Search

J2ME and Unicode

0 views

When you build a MIDlet that will appear in markets around the world, language handling becomes a core concern. The original Java platform, designed for desktop and server environments, already offered Unicode support at the language level. However, mobile devices bring a different set of constraints - display size, limited memory, and diverse font engines. Understanding how to harness Unicode correctly in J2ME ensures your application can display Japanese, Arabic, Cyrillic, or any other script without garbling or crashes.

Why Unicode is Essential for J2ME Applications

Unicode assigns a single numeric value to every character you can imagine. That includes the familiar 128 characters of ASCII, all Latin letters with diacritics, Greek and Cyrillic symbols, Chinese ideographs, and even emoji. The ISO/IEC 10646 standard formalizes this mapping. The result is a language-agnostic representation that any Unicode-compliant system can interpret.

Before Unicode, developers relied on platform‑specific encodings. An English‑only phone might use a simple 7‑bit scheme that worked fine for Latin text. When you tried to show Japanese, the same byte values could produce unreadable squares or cause the device to crash. Interoperability suffered, especially when exchanging data between systems that used different code pages.

J2ME embraces Unicode natively. When you declare a String in your code, Java stores it as a sequence of 16‑bit Unicode code units. This means that if you write String hello = "こんにちは";, the compiler translates the literal into Unicode, and the runtime interprets it correctly regardless of the underlying device. This advantage is only realized if the device’s display subsystem can render the characters.

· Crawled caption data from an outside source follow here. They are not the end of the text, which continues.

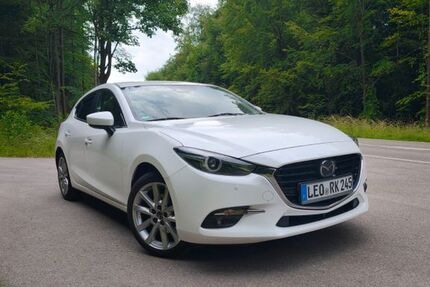 Mazda 3 103.500 km 12.999 &euro; Filderstadt 70794
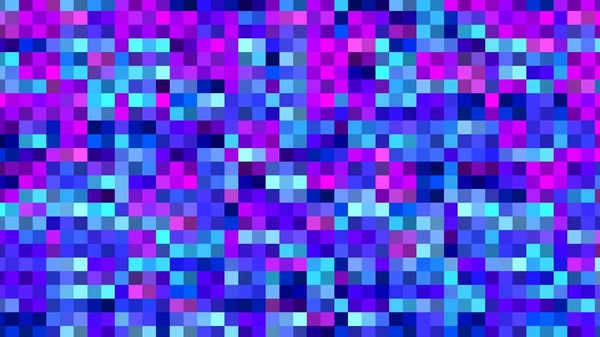 Colorful Modern Abstract Pixel Texture Background Presentation Background Design Suitable — Stock fotografie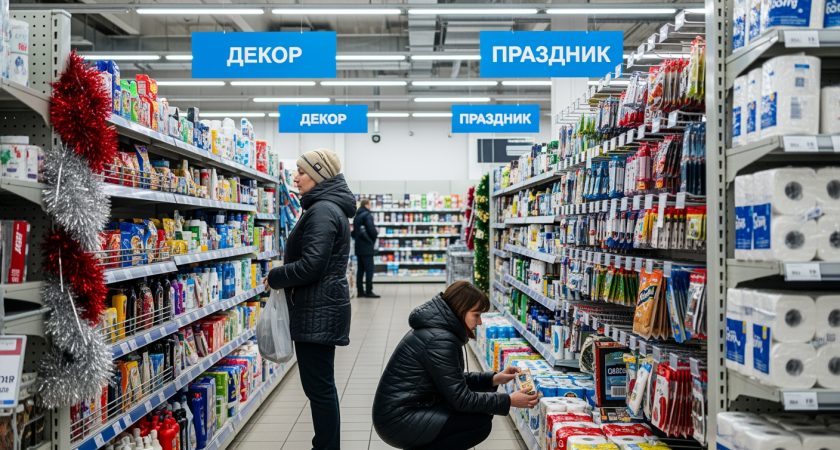 Народный лайфхак: опустошила полки Фикс Прайса от бьюти-находок всего за 300 рублей и отказалась от дорогих брендов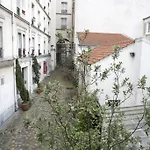 Studio Hamm Montmartre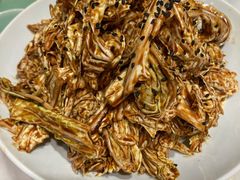乾隆白菜-泰钰丰烤鸭.天津菜(开发区店)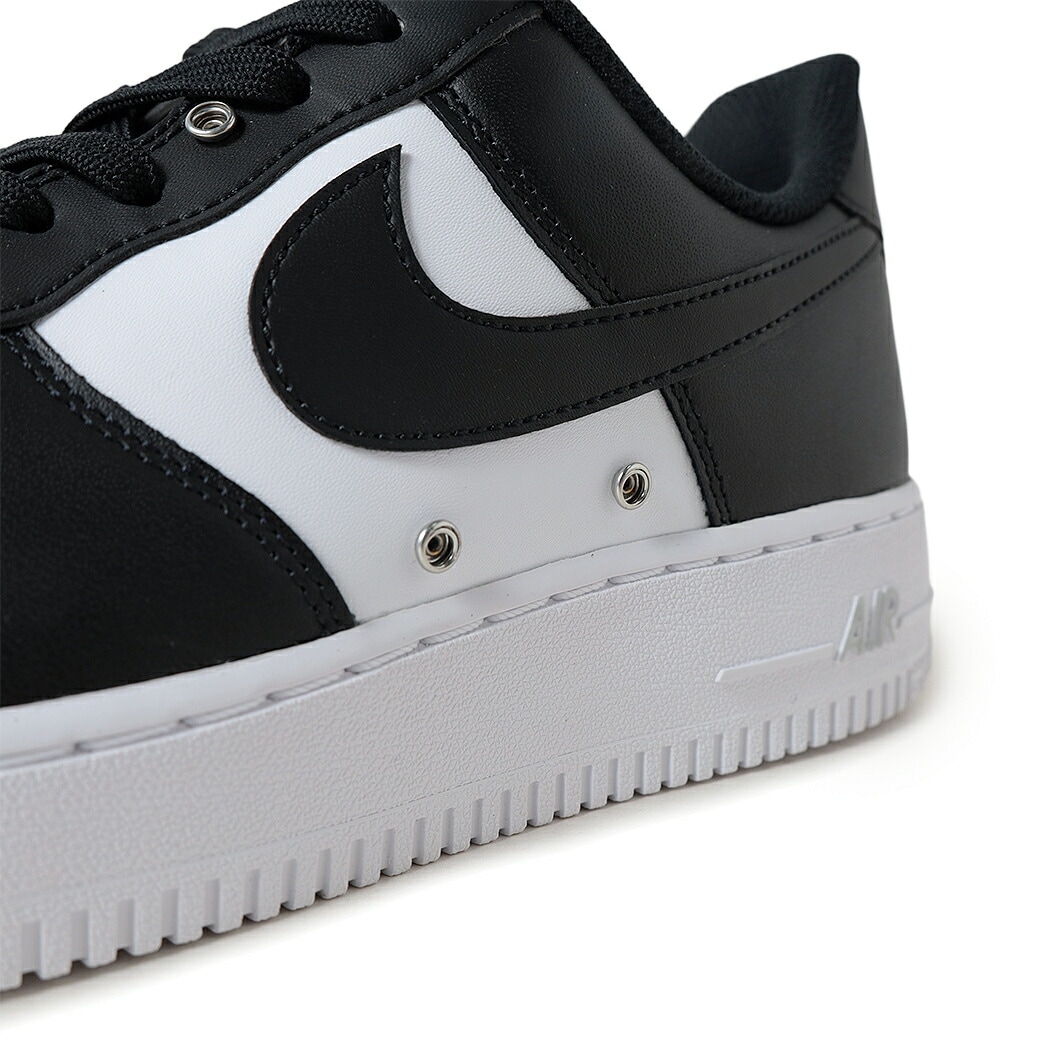 NIKE ナイキ エアフォース ロー スニーカー AIR FORCE 1 '07 PRM BLACK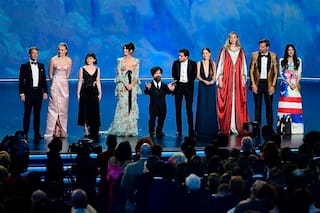 Premios Emmy: la noche de Fleabag terminó con el triunfo de Game of Thrones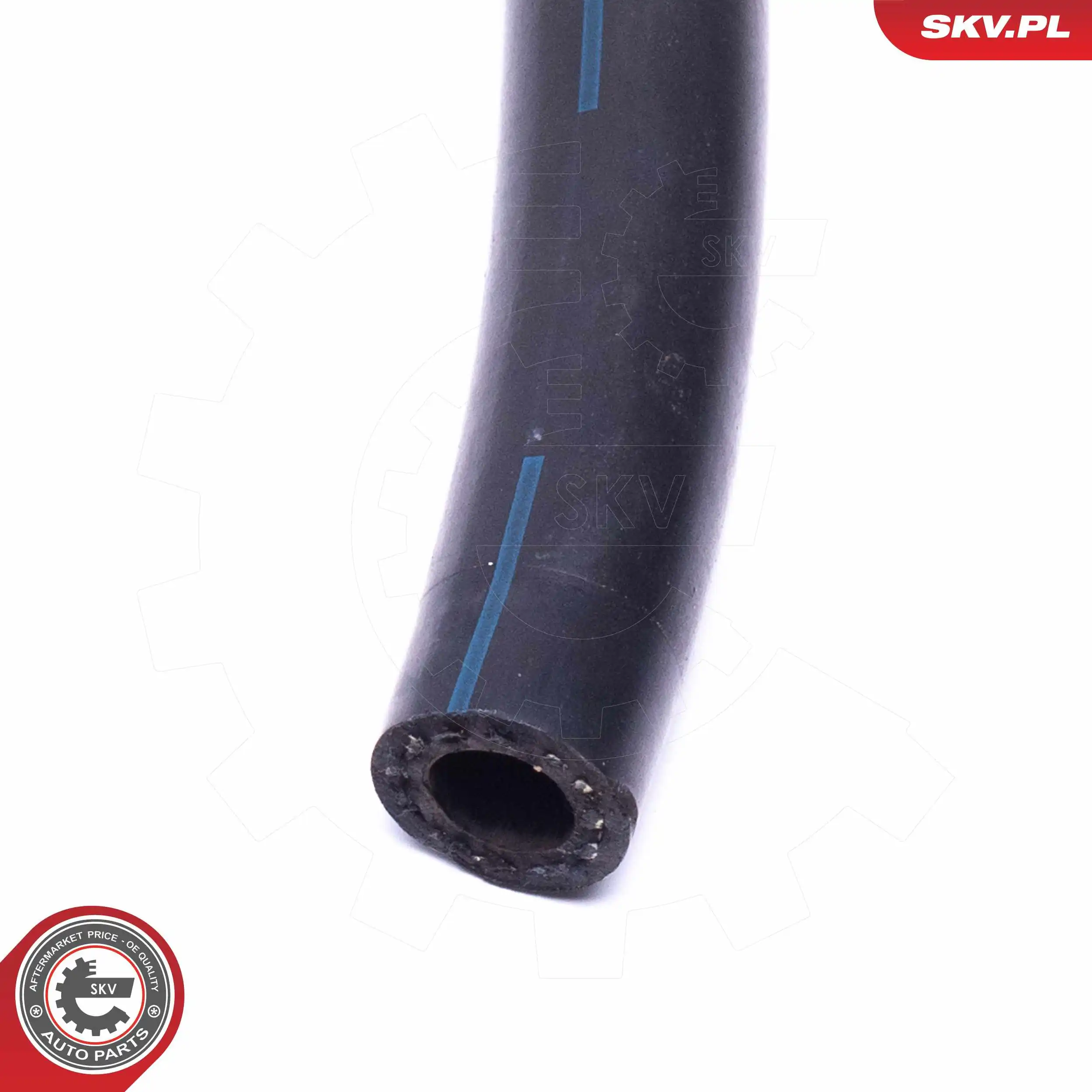 10SKV913 SKV Шланг ГУР низкого давления, от рейки (механизма) к бачку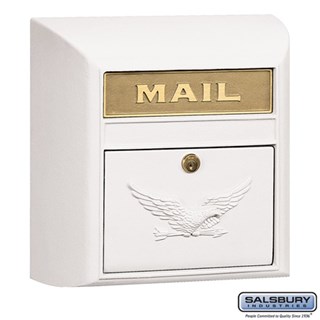 Modern Mailboxes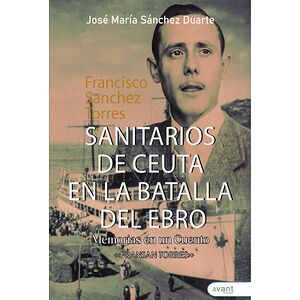 Sanitarios de Ceuta en la...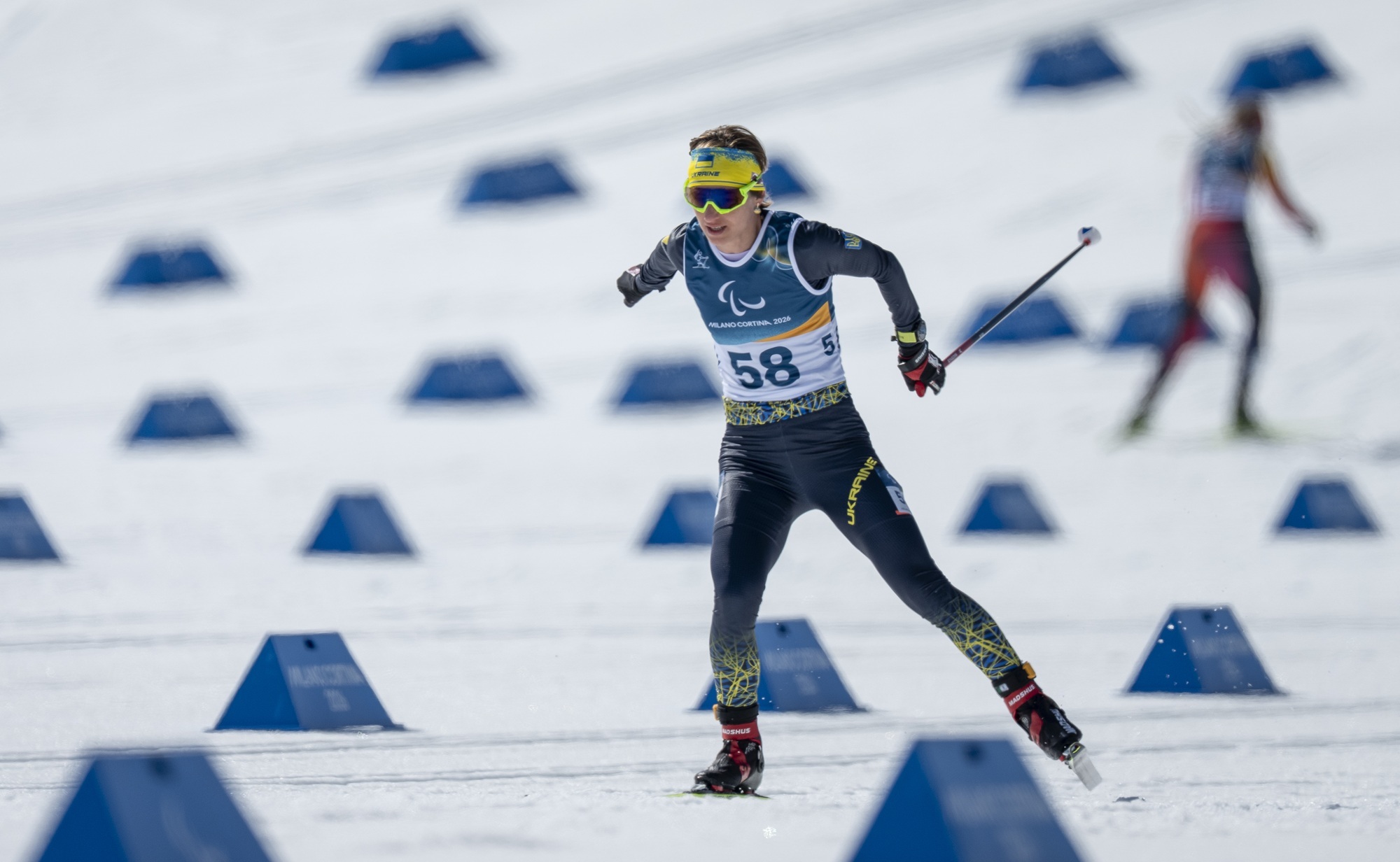 Afera na igrzyskach. Mistrzyni musiała zdjąć kolczyki. "Bezprecedensowe przejawy nacisku"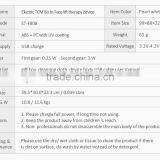 Mini Home Beauty Care Equipment Face Lifting Face Slimming Beauty Fitness Massager thumbnail-2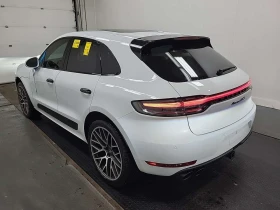 Porsche Macan * GTS * CARFAX * 2 КЛЮЧА * ПАНО * ОБДУХВАНЕ * , снимка 5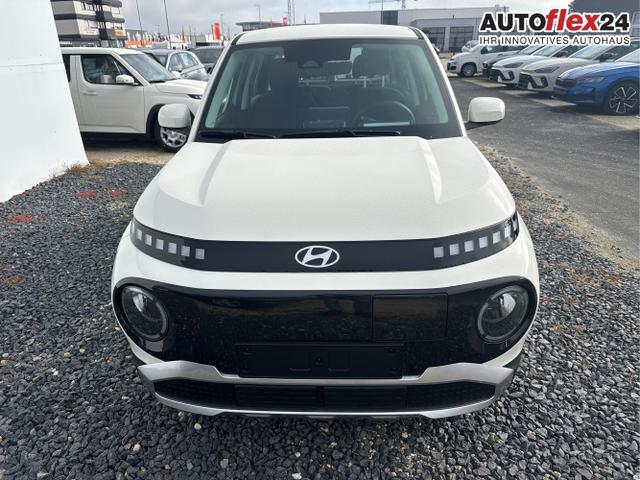Vorlauffahrzeuge Hyundai Inster - Trend ACC NAVI PDC RFK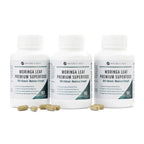 Moringa Leaf Premium Superfood — Daily Nutrition Your Body Actually Uses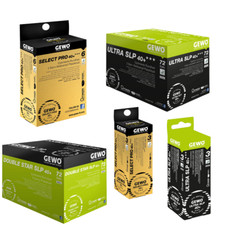 Gewo Tischtennis Bälle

Modern mobile platforms that ship with J2ME support a handful of built‑in fonts, but these are often limited to Latin or a single East Asian script. When you target multiple markets, you’ll need to supply additional font resources and instruct the Toolkit to use them. Many developers mistakenly assume Unicode support alone guarantees multilingual display, but without the correct fonts, Unicode characters will still render as boxes or missing glyphs.

Industry giants such as Apple, IBM, Microsoft, and Oracle have all adopted Unicode in their products. Standards like XML, Java, and LDAP specify Unicode as the encoding of choice. By aligning your MIDlet with these standards, you future‑proof it for a wide range of devices, including those that use custom or proprietary rendering engines.

Beyond display, Unicode also influences sorting, comparison, and locale‑specific operations. The J2ME API includes locale support that respects cultural differences in case conversion and string comparison. Proper Unicode handling allows you to use java.text.RuleBasedCollator to sort names correctly in German or Russian, for example. For an application that offers localized content or user input in various scripts, ignoring these subtleties can lead to a frustrating user experience.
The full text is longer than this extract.